No es ocioso recordar esta anécdota. Ese ambiente y el medio de su formación, nada localista y menos castizo, explican la firme entrega a esa disciplina, que en España era poco cultivada y que incluso administrativamente no tenía un espacio propio, pues la rutina reducía aquí la Literatura Comparada a un apéndice de las cátedras de Lingüística General. Hoy, por suerte y en justicia, tiene ya la categoría de área de conocimiento, dicho con la jerga oficial. Y esto se debe no sólo a él, pero sí en buena medida al impulso que dio a la independencia de estos estudios desde su regreso para establecerse en España en 1982.
Había hecho Claudio Guillén una fructífera labor como comparatista en campus americanos muy prestigiosos, y su retorno abrió una posibilidad de aprovechar sus conocimientos.
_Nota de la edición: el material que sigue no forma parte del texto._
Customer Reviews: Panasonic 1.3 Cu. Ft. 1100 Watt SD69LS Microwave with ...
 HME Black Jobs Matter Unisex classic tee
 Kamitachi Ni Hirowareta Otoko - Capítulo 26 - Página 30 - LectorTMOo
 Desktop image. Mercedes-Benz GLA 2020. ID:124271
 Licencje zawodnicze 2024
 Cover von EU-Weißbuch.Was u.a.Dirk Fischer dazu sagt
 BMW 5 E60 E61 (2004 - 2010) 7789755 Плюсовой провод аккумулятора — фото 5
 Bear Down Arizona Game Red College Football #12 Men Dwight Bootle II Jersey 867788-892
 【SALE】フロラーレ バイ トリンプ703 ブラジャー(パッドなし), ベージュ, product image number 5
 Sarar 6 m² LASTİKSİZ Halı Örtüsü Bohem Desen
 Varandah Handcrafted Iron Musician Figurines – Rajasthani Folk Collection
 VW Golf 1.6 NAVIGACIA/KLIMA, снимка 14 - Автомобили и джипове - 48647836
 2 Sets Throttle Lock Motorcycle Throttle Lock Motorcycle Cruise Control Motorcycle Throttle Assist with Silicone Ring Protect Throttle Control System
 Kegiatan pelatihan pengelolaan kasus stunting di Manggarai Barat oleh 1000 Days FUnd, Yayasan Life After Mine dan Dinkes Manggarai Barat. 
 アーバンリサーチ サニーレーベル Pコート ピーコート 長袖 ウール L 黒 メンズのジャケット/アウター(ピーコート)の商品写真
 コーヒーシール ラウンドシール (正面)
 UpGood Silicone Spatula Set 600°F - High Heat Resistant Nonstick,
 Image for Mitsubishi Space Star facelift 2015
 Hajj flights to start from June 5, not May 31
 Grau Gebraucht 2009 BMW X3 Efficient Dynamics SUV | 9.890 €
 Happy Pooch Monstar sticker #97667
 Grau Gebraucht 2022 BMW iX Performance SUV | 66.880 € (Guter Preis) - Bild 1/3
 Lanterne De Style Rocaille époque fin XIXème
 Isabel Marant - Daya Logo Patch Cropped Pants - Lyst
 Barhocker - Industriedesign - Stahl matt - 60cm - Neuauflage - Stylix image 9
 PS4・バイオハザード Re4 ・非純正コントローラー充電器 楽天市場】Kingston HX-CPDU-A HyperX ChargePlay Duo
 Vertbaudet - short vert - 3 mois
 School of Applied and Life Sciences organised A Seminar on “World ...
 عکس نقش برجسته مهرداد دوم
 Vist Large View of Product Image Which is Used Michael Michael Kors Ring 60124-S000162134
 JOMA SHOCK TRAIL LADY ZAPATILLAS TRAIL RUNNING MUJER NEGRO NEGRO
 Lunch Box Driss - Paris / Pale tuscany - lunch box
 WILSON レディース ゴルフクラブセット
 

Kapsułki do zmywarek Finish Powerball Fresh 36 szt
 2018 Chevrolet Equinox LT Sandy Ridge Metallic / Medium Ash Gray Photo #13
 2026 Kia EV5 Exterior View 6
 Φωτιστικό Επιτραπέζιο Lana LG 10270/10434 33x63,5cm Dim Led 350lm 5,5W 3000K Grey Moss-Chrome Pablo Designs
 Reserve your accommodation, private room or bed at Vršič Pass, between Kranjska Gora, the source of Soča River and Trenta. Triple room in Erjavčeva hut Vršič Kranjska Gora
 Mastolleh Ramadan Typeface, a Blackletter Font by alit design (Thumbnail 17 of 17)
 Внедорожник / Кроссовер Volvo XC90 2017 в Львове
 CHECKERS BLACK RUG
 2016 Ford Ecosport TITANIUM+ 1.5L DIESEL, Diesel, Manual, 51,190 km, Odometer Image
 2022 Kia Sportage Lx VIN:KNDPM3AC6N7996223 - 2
Con este ánimo, el recordado filólogo y académico Domingo Ynduráin intentó incorporarle a la Complutense por un resquicio legal del momento. El corporativismo lo impidió y se benefició la Pompeu Fabra de Barcelona.
Su presencia era muy estimulante porque traía una convicción entre nosotros no habitual. Guillén tiene una mirada comprensiva del fenómeno literario que le hace rechazar el nacionalismo de origen decimonónico como guía para la explicación de la historia literaria. Él postulaba un sentido dinámico de la literatura, que hundía sus raíces en la clasicidad grecolatina y se difundía más allá de las fronteras nacionales. «Si supieras», dice a un imaginario lector, «lo que me cuesta situar un tema español exclusivamente en el ámbito de España». Guillén entendía la literatura -si se me permite la ligereza- en un solo país.
Los ensayos de Guillén abarcan una gran cantidad de temas y motivos, versan sobre géneros y formas, y practica una rica confluencia de enfoques. En ellos conviven la teoría y la historia, y, además, revelan un fecundo eclecticismo en sus planteamientos. Frente a quienes se refugian en una escuela cerrada, conciliaba historia y estructuralismo sin renegar de la estilística en boga en sus años mozos. No fue un frío estudioso del pasado clásico y tenía vivo interés por la actualidad. Escribió también sentidos ensayos inspirados en la vivencia del exilio. Y la tinta todavía fresca de De leyendas y lecciones habla, al lado de Galdós o Clarín, de gentes cercanas como Nieva, Luis Goytisolo, Luis Mateo Díez, Muñoz Molina o Marías. Tampoco era frío ni rutinario en su prosa: sus páginas corren con la envidiable fluidez que viene de una clara voluntad de estilo.